The Biotechnology Industry Organisation is asking the US Government for a financial stimulus for small biotech companies that are struggling during the credit crunch.

The industries’ executives want a change in tax law so that companies can claim a tax rebate upfront in exchange for giving up funds the companies could take when they start becoming profitable. Should the proposal be approved, billions of dollars could be made available to the biotech industry on the proviso that the money would be used on R&D.

Speaking to, Matt Gardner, President and Chief Executive of BayBio said: “Most of these companies have not yet had their first product approved. They don’t have any revenue, and they are accumulating these operating losses. This change would allow them to convert some of these losses back into future research spending, which is a very good thing for the economy.”

Since the credit crunch started to take hold, biotech, especially the small companies, have seen investor cash dry up putting many companies in worrying positions including have to make staff cuts and even bankruptcies.

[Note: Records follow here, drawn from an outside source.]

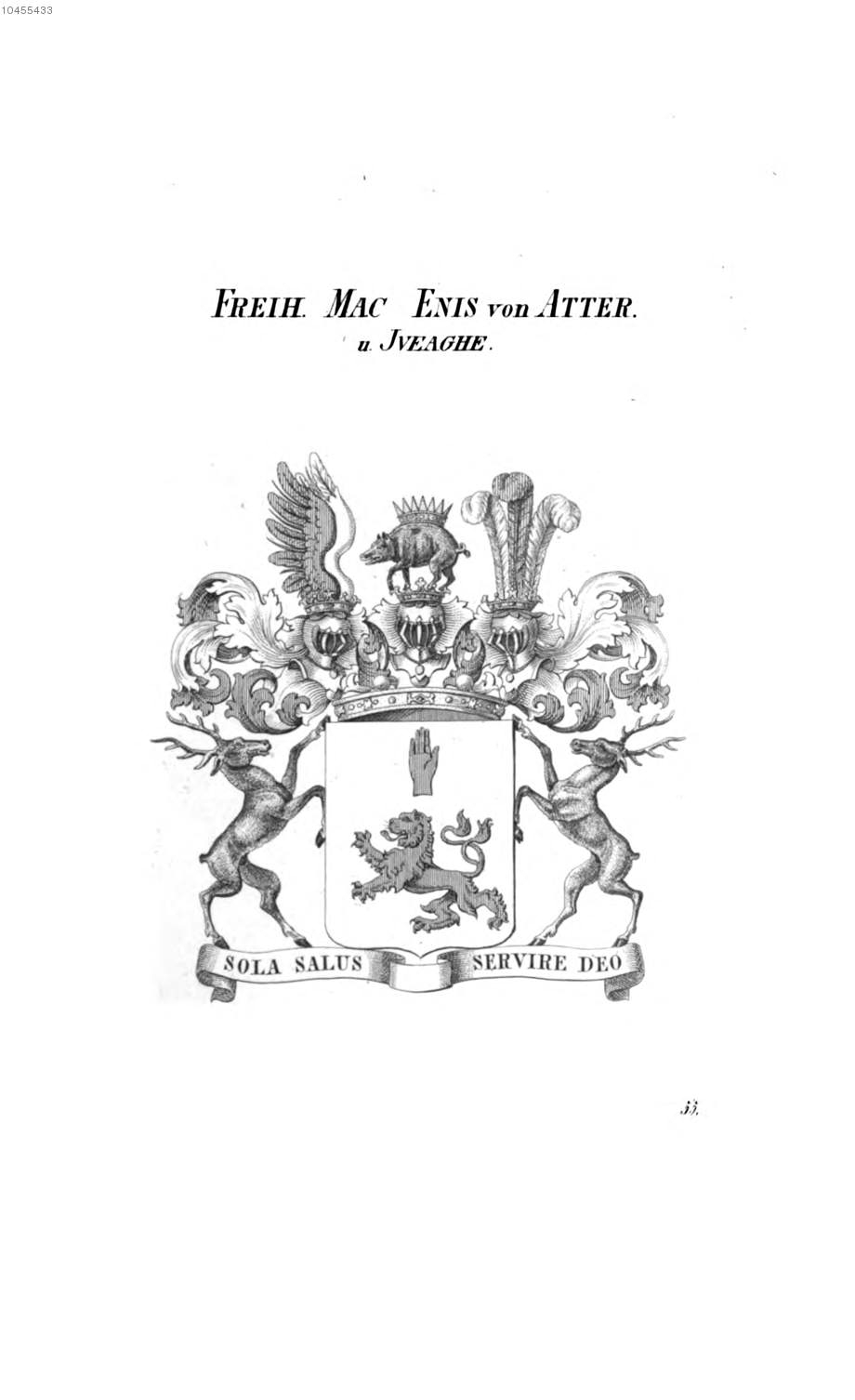 Mac Enis von Atter und Iveaghe — Tyroff オーストリア君主国紋章集の原図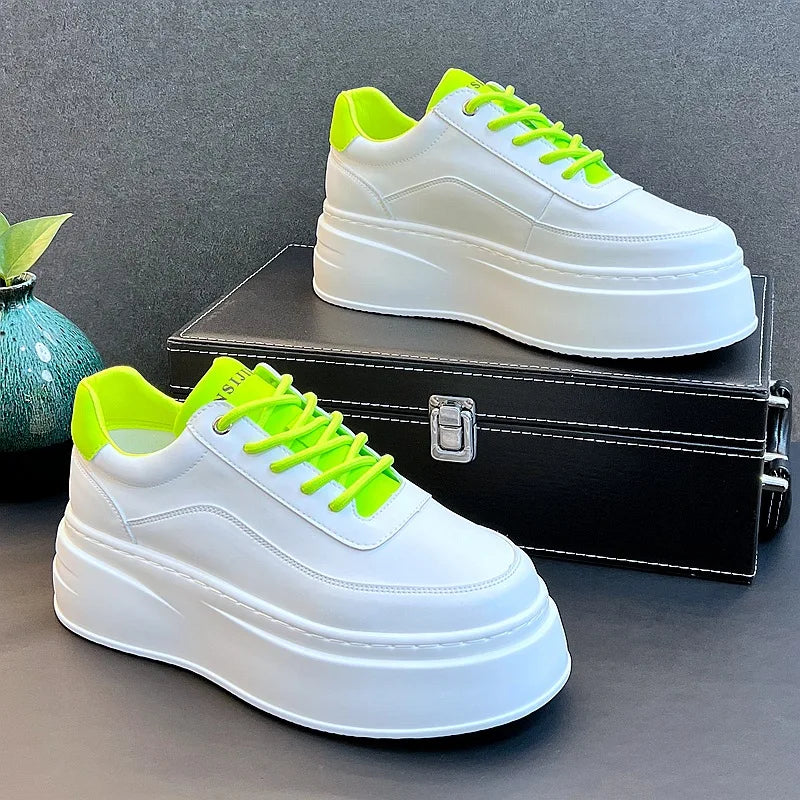 Men's Height Increasing Shoes New White Fashion Breathable Thick Soled Flat Shoes Trend Versatile Casual Board Shoes man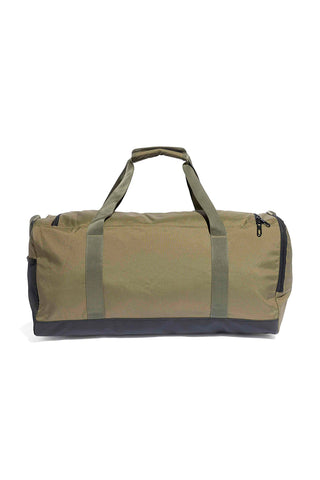 Zelena torba z logotipom Adidas Linear Duffel na strani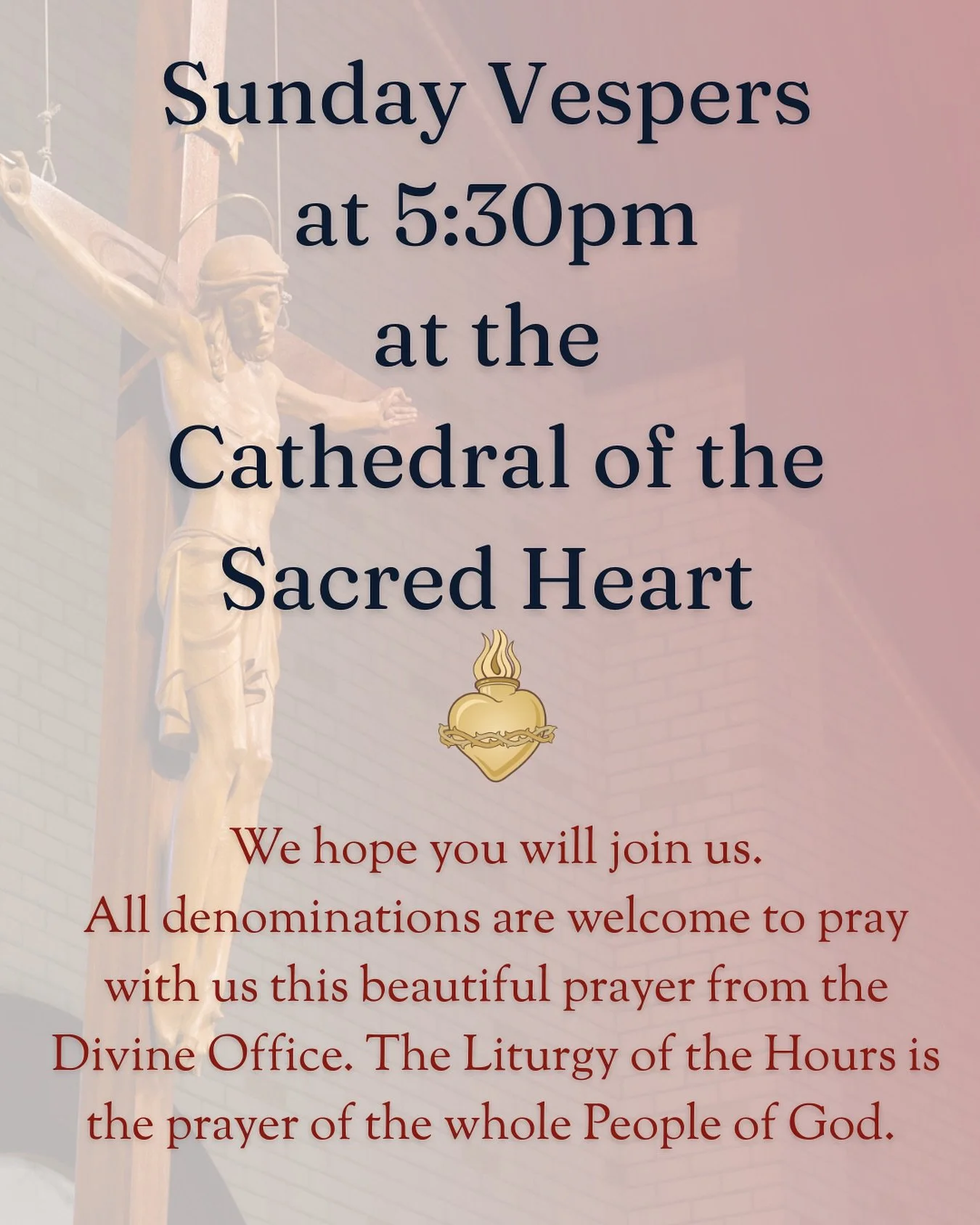 Worship aids are available for all participants. See you on Sundays at 5:30pm!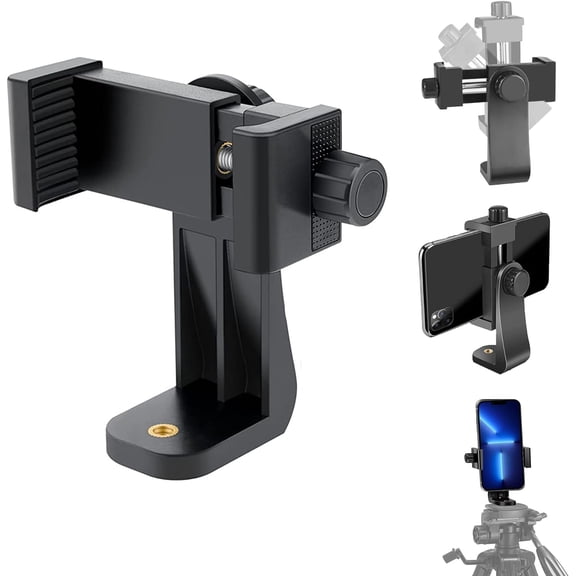 Premium Smartphone Holder/Vertical and Horizontal Tripod Mount Adapter Rotatable Bracket with 1/4 inch Screw/Adjustable Clip for iPhone, Android Cell Phone, Selfie Stick, Camera Stand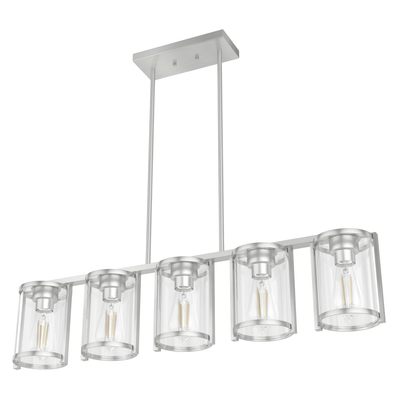 Astwood 39-inch 5-light Brushed Nickel Linear Chandelier with Clear Glass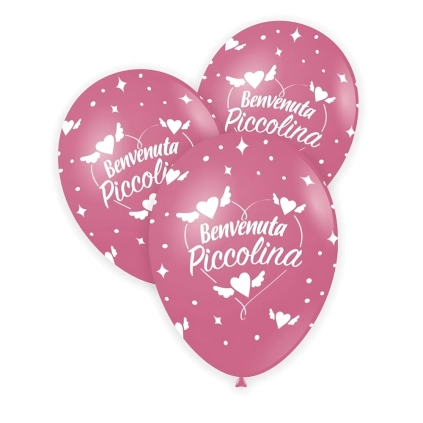 Palloncini 12" (30cm) rosa 26 con stampa bianca globo Benvenuto Piccolina, 100pz.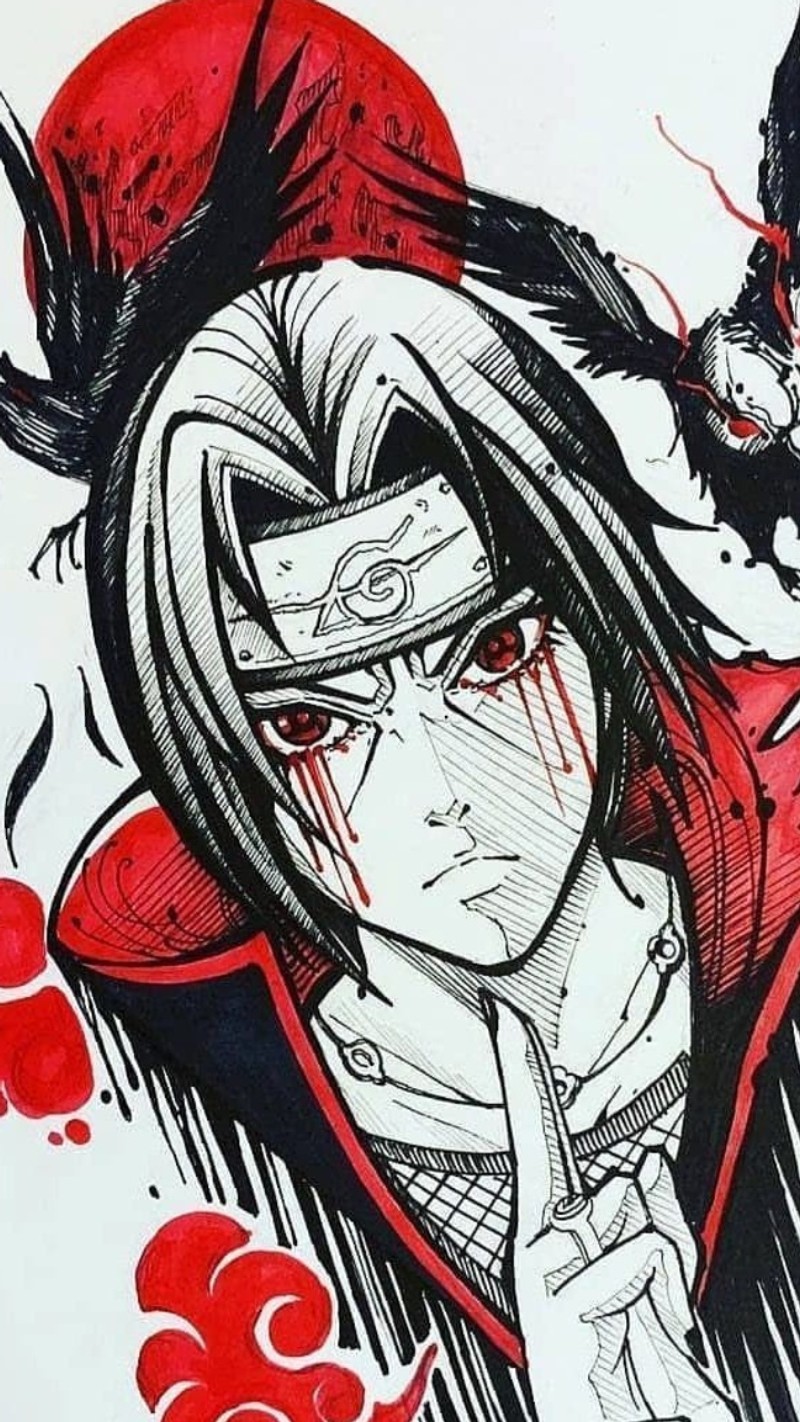 Рисунок женщины с птицей на плече (itachi, naruto, наруто ураганные хроники, naruto shippuden, uchiha)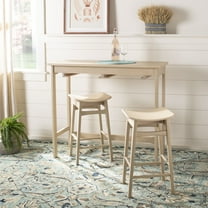 SAFAVIEH Colbie 3 Piece Easy Storage Solid Pub Set, White Oak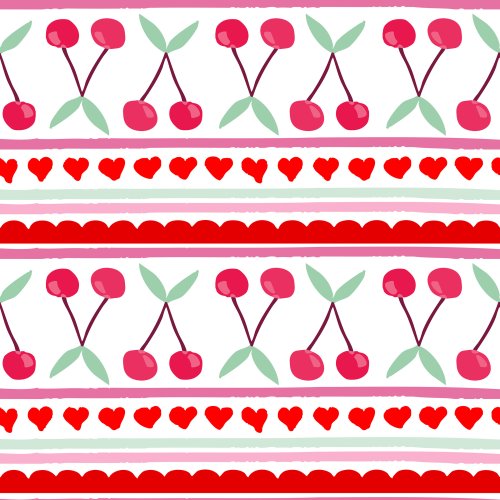 Cherry Berry Summer Cherry Heart Stripes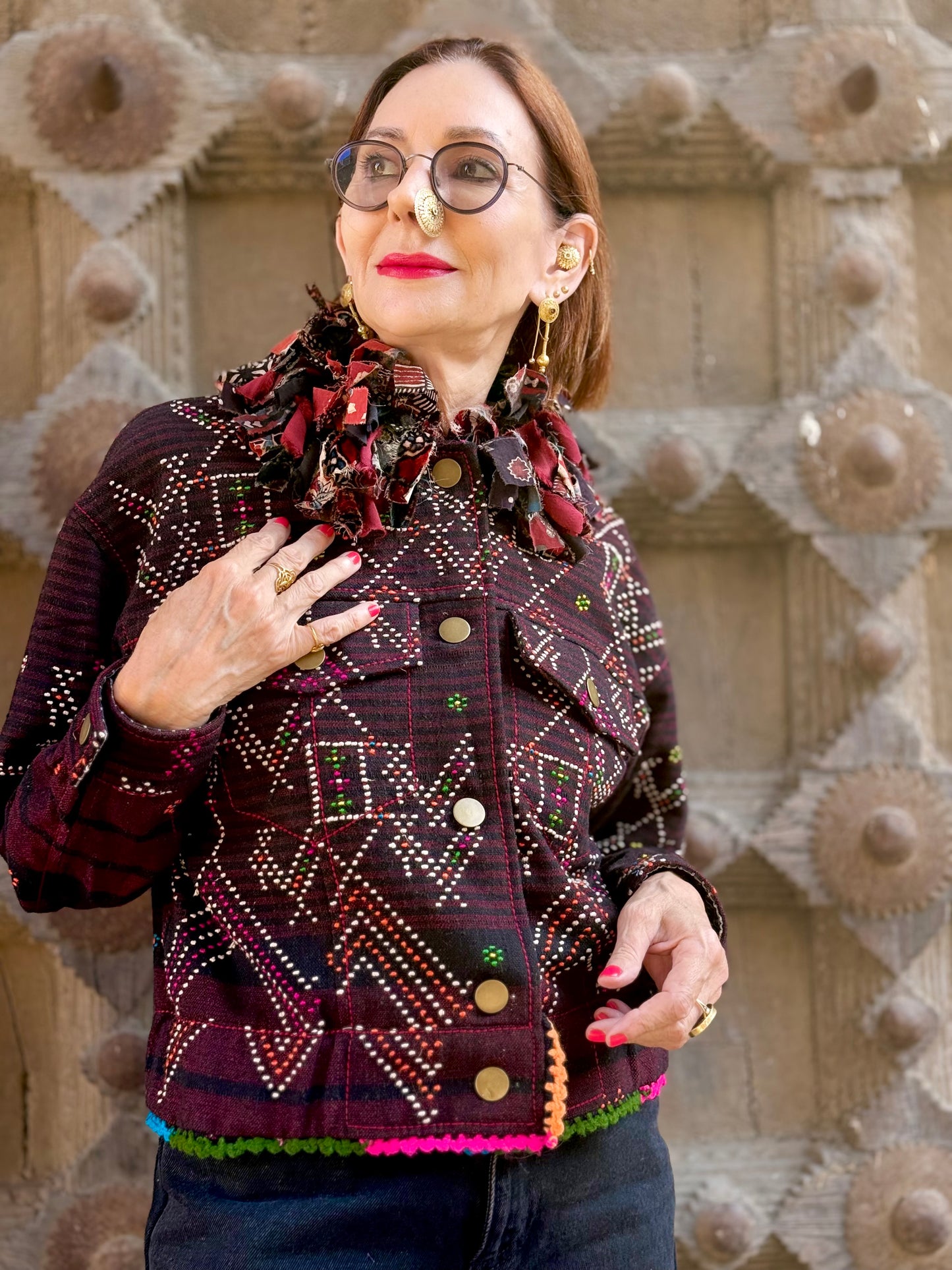 Tangaliya Hand Woven Bomber Jacket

According to the BIO, 120 of the 370 publicly traded US biotechs have less than six months of cash in their pockets to pull them through.

According to BIO, under the proposal put to Congress, a company with $100 million in net operating losses would be entitled to $35 million in taxes when it starts becoming profitable, meaning it could receive $20 million upfront cash to go towards R&D.

However, critics have attacked the proposal saying it is risky as many biotech companies never become profitable.

The US proposal comes a week after the UK biotech sector presented a dossier to the British Government with a number of recommendations necessary for the “survival and future viability” of the industry, including financial stimulus.